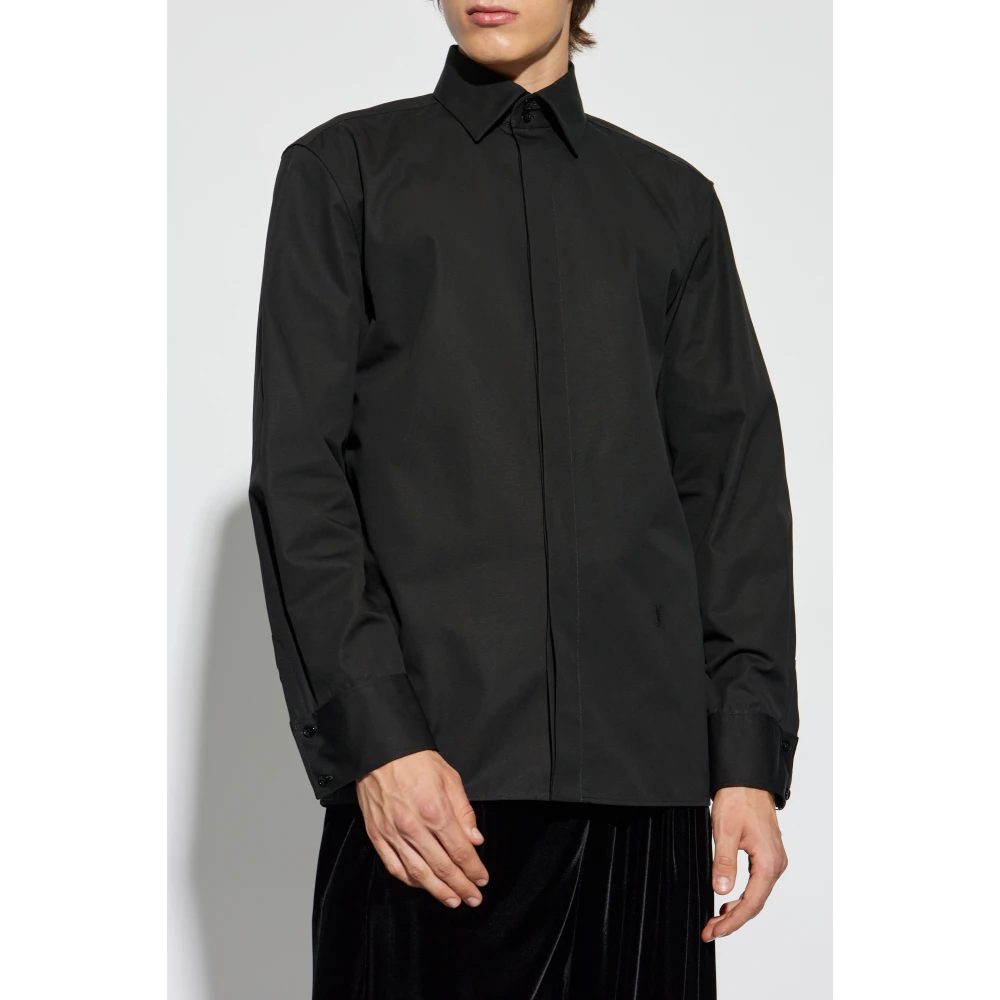 Saint Laurent Katoenen Overhemd Black Heren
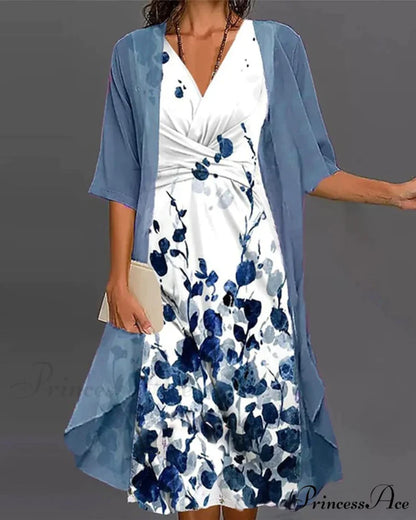 Floral Print Dress Set Blue / S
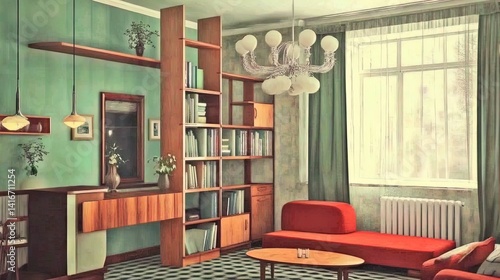 Obraz na płótnie transform your studio apartment: stylish partition bookshelf, multifunctional furniture & vibrant colors for an inviting sports-inspired poster decor! w salonie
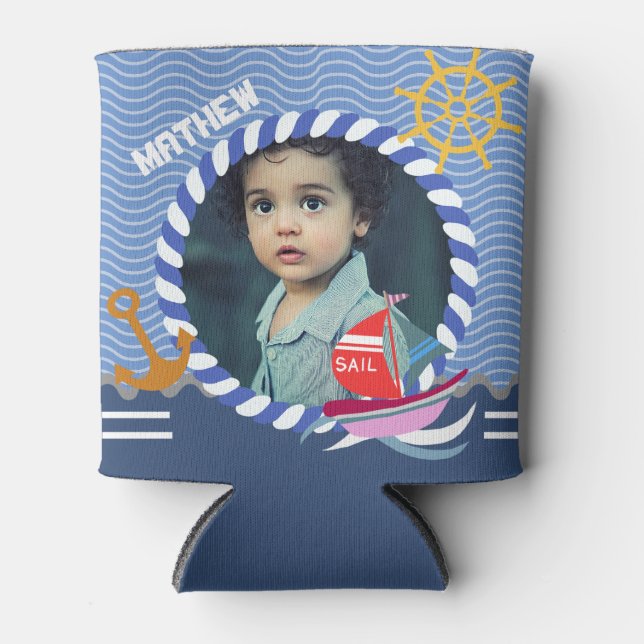 Porta-lata Barcos Divertidos Foto Blue Can Cooler (Frente)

• [TASK OBJECTIVE]:
Copy the whole of the material above exactly, and exclude every picture.

• [SOLUTION TO THIS EXERCISE]:
 Saint Laurent Katoenen Overhemd Black Heren
 Floral Print Dress Set Blue / S
 Obraz na płótnie transform your studio apartment: stylish partition bookshelf, multifunctional furniture & vibrant colors for an inviting sports-inspired poster decor! w salonie
 Porta-lata Barcos Divertidos Foto Blue Can Cooler (Frente)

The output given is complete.